The UK financial watchdog has warned it will crack down on companies offering a highly-leveraged investment product to retail customers if they breach marketing and selling rules. 

In a letter on Thursday, the Financial Conduct Authority raised concerns over a “significant minority” of contract for difference (CFD) brokers undertaking pressure selling, charging inappropriate fees and refusing to process withdrawals.

CFDs are a type of equity derivative which allow investors to profit from price movements without owning an underlying asset. Investors bet on whether the value of an asset will rise or fall, agreeing to pay the difference across a set period. 
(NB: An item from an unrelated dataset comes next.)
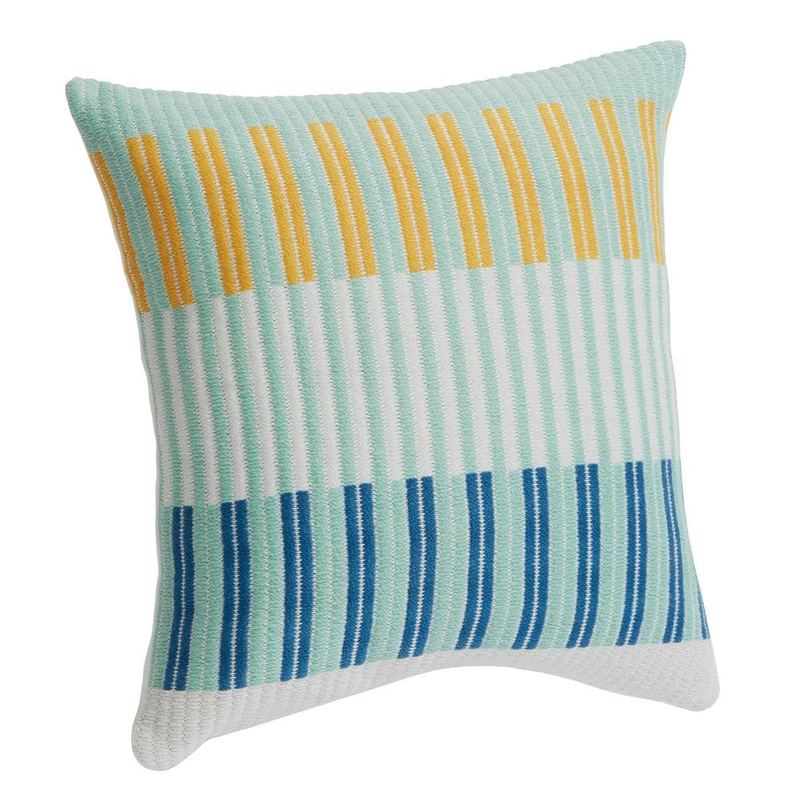 Hampton Bay - 20 in. x 20 in. Woven Outdoor Patio Throw Pillow in Broken Stripe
Financial companies can only offer CFDs to appropriately experienced retail investors. With recent market volatility increasing the risks, the FCA has, in effect, restated previous warnings as it attempts to strike a balance between encouraging investment and preventing novice traders from gambling away their savings.

“CFD providers authorised in our regime must sell products appropriately,” said Sarah Pritchard, FCA executive director of markets. “When the new consumer duty comes into effect, [providers] will need to ensure that products deliver good outcomes for retail consumers.” 
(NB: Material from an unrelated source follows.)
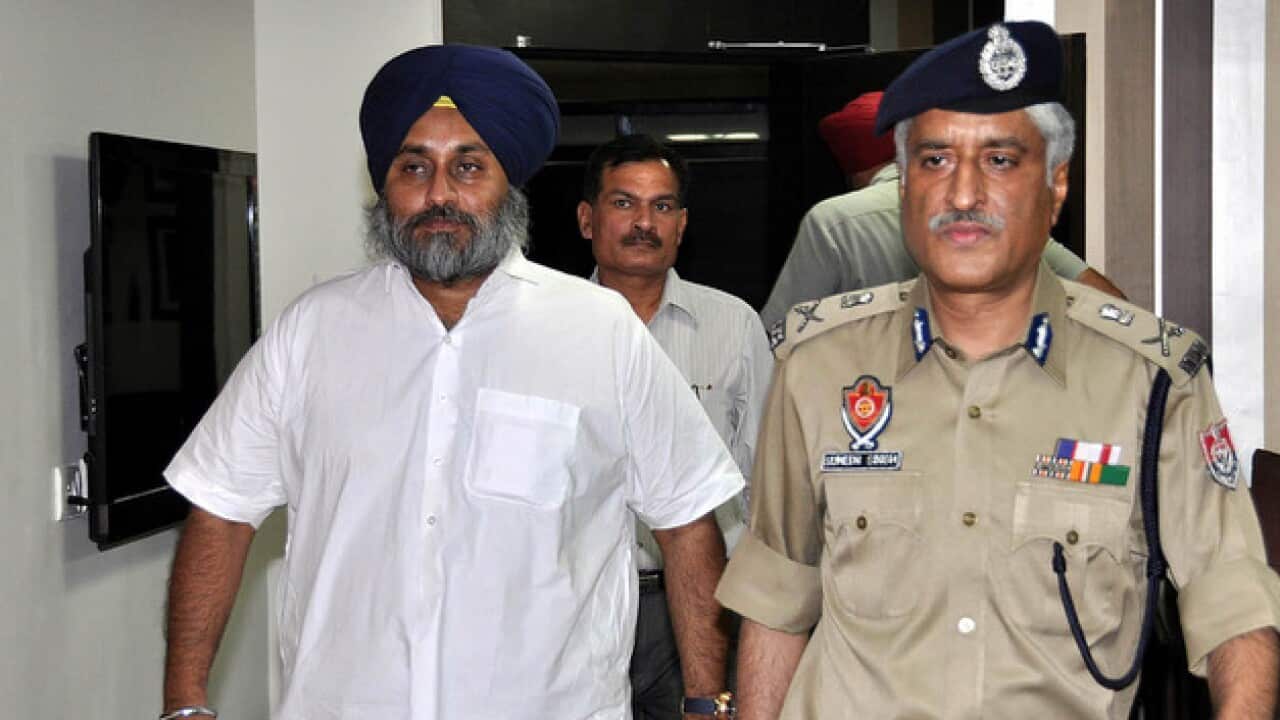 SAD President Sukhbir SIngh Badal with Sumedh Singh Saini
The FCA estimates 80 per cent of customers lose money on CFDs. Regulators first cracked down on the sale and marketing of products to retail clients three years ago. 
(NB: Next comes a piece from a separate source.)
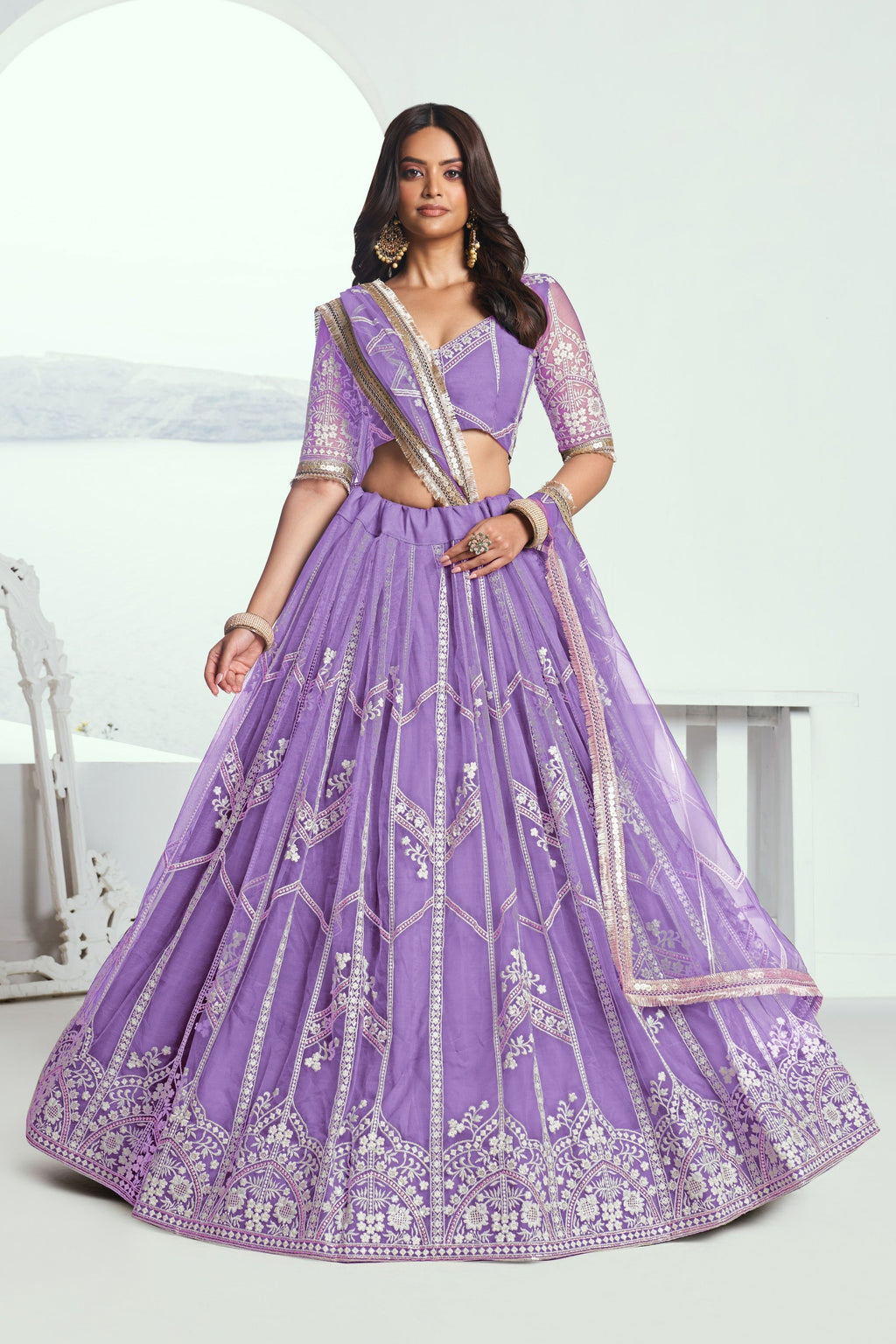 Lavender Net Lehenga Choli For Indian & Pakistani Wedding Festival - Thread Embroidery Work, Sequence Embroidery Work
It forced brokers to limit the leverage they offered investors to a maximum of 30:1, with more stringent controls put in place for volatile assets. CFDs had grown in popularity due to the chance of significant returns and a range of bonuses offered to investors by platforms.

Providers were also required to close a customer’s position when funds fell significantly, while providing protections to ensure they could not lose more than the total they had initially invested. 

“This sector is for people who have passed an appropriateness test and want to deal in leverage,” said Ben Williams, an analyst at Shore Capital. “It’s a question of whether the regulator decides an industry with 70 per cent loss ratios is necessarily a bad outcome.” 

The FCA has pointed to “inherent conflicts of interest” that exist in trades, particularly when platforms profit from client losses by under-hedging an investment. It argues current market volatility could be misrepresented as an opportunity for more frequent trades. 

In 2020 and 2021, the regulator stopped 24 firms marketing CFDs in the UK; it estimates measures prevented £100mn in harm last year alone. 

Warnings were issued a day after the FCA set out its plans for a “simplified financial advice regime” as it seeks to encourage more people with savings to invest in “mainstream products” such as stocks and shares Isas. 

Proposals are intended to make it easier for people to seek financial advice by spreading payments, while encouraging lower fees through simplifying paperwork and reducing certain qualification requirements. 

From July next year, companies will operate under new consumer duty requirements, obliging providers to ensure clients understand the services they seek.

Traders say FCA-approved platforms selling CFDs — including larger operators such as IG Group, CMC Markets and Plus500 — will need to ensure investors understand the risks associated with the products.

IG Group said the company fully supported the FCA’s aims to “uphold high conduct standards”. CMC Markets and Plus500 did not provide comment.